The following sections describe, roughly in order of increasing complexity, different ways to build Docker images for use with HTMap. Each level of complexity is introduced to solve a more advanced dependency management problem. We recommend reading them in order until reach one that works for your dependencies (each section assumes knowledge of the previous sections).
More detailed information on how Dockerfiles work can be found in the Docker documentation itself This page only covers the bare minimum to get started with HTMap and Docker.
Attention
This recipe only covers using Docker for execute-side dependency management. You still need to install dependencies submit-side to launch your map in the first place!
Can I use HTMap’s default image?¶
HTMap’s default Docker image is htcondor/htmap-exec,
which is itself based on`continuumio/anaconda3 <https://hub.docker.com/r/continuumio/anaconda3/>`_.
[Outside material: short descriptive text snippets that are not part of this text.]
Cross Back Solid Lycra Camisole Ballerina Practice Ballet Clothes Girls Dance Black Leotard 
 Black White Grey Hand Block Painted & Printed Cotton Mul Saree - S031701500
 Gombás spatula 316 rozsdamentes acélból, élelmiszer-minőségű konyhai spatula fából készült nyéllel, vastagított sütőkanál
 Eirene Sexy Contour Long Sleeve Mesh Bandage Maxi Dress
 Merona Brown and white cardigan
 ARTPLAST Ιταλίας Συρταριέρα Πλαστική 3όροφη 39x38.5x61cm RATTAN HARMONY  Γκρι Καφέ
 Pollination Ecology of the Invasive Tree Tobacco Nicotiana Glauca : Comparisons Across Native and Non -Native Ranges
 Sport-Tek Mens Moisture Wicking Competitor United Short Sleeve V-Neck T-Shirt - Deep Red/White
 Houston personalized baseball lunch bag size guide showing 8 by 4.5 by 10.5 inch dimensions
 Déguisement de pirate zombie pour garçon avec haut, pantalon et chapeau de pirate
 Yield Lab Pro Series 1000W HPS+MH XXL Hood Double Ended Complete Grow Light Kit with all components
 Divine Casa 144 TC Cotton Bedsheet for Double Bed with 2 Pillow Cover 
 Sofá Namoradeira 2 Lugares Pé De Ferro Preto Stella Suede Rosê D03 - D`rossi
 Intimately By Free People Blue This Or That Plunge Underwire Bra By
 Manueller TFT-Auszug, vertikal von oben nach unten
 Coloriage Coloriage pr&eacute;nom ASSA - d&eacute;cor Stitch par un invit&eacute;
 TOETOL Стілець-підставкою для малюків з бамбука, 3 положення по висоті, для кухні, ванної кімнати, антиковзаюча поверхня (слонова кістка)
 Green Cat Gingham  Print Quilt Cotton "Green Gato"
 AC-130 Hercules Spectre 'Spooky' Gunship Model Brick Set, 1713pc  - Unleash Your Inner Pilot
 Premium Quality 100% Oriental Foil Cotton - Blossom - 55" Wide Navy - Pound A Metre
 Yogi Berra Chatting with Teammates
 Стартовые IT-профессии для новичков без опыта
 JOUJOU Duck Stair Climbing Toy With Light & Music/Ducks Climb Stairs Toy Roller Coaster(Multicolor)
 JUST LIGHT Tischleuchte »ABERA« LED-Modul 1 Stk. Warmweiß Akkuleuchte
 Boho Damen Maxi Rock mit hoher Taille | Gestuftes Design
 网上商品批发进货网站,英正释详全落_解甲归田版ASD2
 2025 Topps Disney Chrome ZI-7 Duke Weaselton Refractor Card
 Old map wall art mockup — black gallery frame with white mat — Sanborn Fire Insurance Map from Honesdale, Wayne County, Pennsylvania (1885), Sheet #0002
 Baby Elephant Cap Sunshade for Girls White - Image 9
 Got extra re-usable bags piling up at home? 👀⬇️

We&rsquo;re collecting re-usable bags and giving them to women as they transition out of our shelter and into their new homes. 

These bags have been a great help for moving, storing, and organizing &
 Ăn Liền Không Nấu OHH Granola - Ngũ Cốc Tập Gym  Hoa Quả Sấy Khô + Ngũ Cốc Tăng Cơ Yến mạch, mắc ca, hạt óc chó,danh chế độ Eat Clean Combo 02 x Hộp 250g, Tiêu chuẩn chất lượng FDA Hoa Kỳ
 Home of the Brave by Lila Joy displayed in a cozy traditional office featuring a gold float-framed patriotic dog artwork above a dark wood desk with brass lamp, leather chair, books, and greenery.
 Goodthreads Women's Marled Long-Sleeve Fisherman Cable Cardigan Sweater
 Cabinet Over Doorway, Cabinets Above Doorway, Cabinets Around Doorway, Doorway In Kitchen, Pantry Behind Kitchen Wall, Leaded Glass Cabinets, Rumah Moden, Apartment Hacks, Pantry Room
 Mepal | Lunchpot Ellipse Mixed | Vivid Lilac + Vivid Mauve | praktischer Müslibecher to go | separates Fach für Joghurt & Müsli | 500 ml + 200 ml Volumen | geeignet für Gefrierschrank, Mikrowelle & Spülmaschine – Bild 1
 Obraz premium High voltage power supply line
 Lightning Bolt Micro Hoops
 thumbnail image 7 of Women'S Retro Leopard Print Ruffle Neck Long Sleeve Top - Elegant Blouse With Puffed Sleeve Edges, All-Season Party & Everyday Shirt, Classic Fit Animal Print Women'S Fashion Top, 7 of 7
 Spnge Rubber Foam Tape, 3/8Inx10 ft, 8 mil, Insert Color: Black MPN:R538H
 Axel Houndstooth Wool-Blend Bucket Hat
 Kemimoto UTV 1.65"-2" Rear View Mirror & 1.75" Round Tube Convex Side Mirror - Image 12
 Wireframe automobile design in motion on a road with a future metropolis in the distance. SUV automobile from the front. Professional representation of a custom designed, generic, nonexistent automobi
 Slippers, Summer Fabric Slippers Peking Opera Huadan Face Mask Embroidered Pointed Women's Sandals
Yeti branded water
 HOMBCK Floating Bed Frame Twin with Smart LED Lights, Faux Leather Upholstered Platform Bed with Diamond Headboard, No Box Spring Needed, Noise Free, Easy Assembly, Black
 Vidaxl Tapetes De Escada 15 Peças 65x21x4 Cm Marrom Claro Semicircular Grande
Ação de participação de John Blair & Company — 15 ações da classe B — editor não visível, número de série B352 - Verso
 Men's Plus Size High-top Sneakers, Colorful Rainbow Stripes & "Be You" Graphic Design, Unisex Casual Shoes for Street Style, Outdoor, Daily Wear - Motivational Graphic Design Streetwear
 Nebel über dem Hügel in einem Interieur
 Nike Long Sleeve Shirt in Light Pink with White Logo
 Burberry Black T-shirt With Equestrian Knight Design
It is based on Python 3 and has many useful packages pre-installed, such as numpy
, scipy
, and pandas
.
If your software only depends on packages included in the Anaconda distribution,
you can use HTMap’s default image and won’t need to create your own.
I depend on Python packages that aren’t in the Anaconda distribution¶
Attention
Before proceeding, install Docker on your computer and make an account on Docker Hub.
Let’s pretend that there’s a package called foobar
that your Python function depends on,
but isn’t part of the Anaconda distribution.
You will need to write your own Dockerfile to include this package in your Docker image.
Docker images are built in layers.
You always start a Dockerfile by stating which existing Docker image you’d like to use as your base layer.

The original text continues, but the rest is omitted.